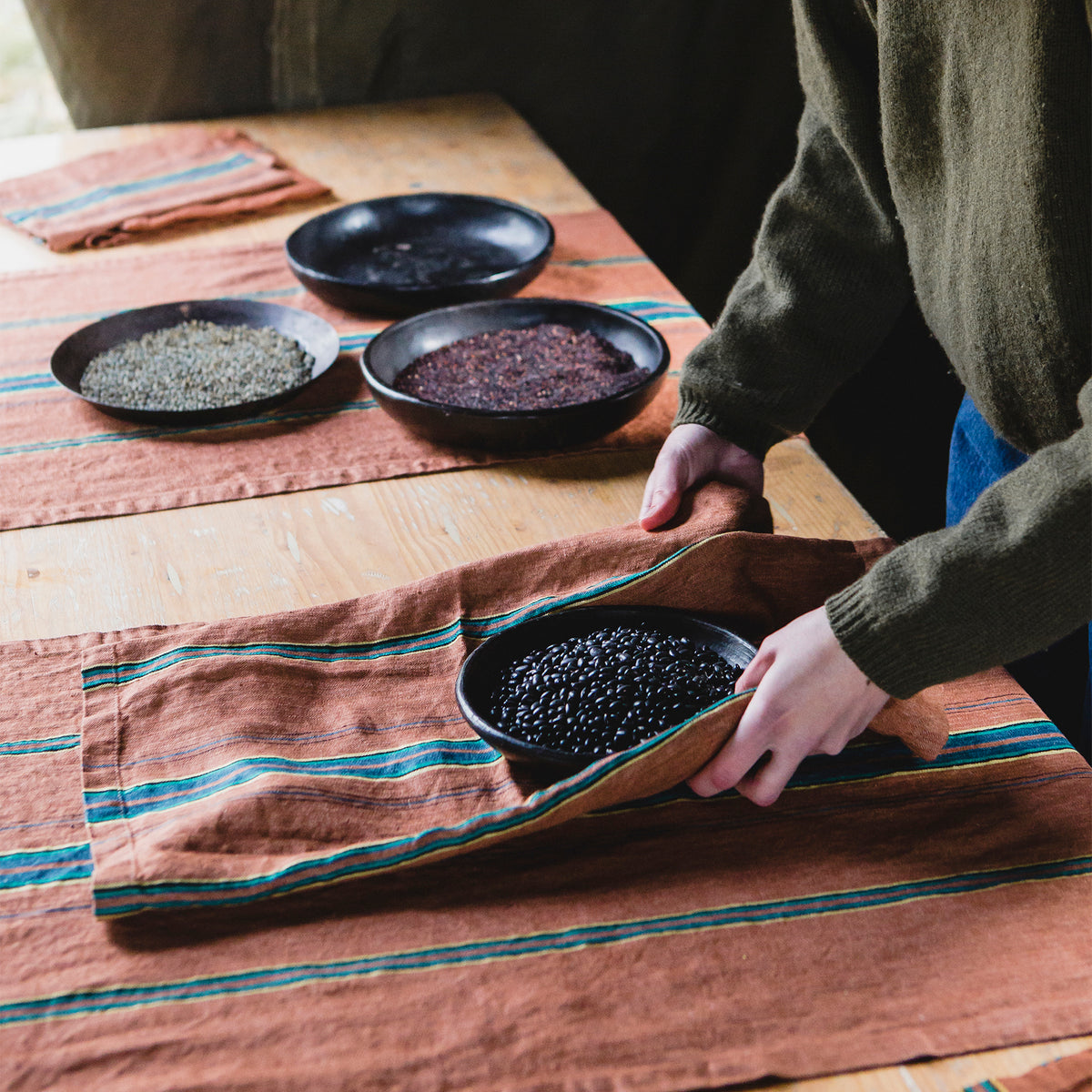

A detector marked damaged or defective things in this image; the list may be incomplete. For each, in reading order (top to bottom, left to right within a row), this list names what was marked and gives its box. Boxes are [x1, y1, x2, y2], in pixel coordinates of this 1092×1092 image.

rust linen napkin [0, 126, 328, 249]
rust linen napkin [76, 480, 946, 917]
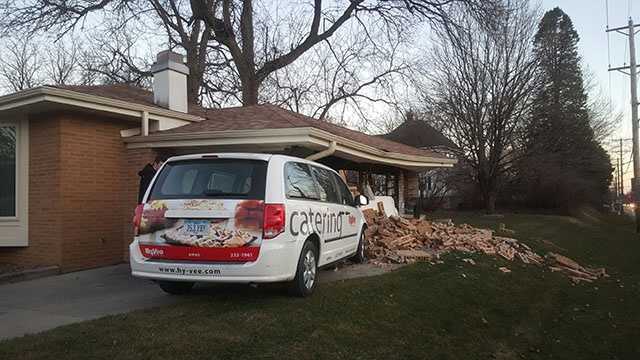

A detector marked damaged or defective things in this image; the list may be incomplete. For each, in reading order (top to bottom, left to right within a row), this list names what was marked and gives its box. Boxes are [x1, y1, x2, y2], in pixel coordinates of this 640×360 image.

crashed van [129, 153, 370, 296]
broken wood debris [362, 210, 608, 282]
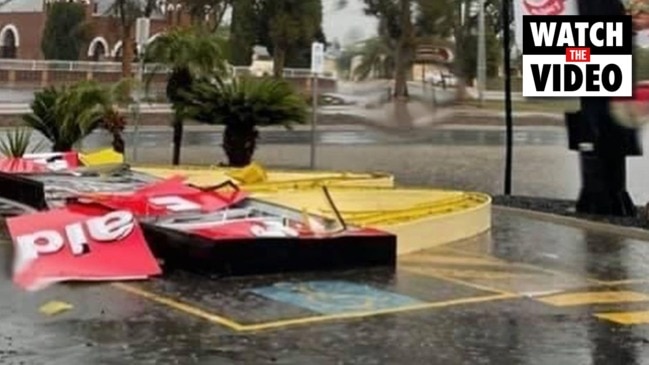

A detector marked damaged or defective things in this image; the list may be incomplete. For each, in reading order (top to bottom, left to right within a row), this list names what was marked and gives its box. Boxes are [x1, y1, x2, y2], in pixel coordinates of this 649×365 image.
★ ★ ★
__WHAT THE TASK ASKS__
Give back the entries above exactly as they stand. Leave the images out.

__ANSWER FOR THIS EXERCISE__
A detector marked damaged or defective things in this image; the list may be incomplete. For each, in reading order (top to bottom, left to right within a row), this list names what was marked and gives its box. Boxes are [x1, y1, x2, y2], in pixel coordinates of this 1092×1092 image.

rust linen napkin [0, 126, 328, 249]
rust linen napkin [76, 480, 946, 917]

A detector marked damaged or defective things in this image; the list may be incomplete. For each, in reading order (top to bottom, left to right within a row), this list names what was marked and gives its box. Boxes are [x1, y1, x2, y2], in pixel coordinates of this 640×360 image.

crashed van [129, 153, 370, 296]
broken wood debris [362, 210, 608, 282]

A detector marked damaged or defective things in this image; the list may be incomplete. For each, in reading order (top to bottom, left to right within a row), this list names what was marked and gives its box. Boxes are [x1, y1, x2, y2], in pixel coordinates of this 649×365 image.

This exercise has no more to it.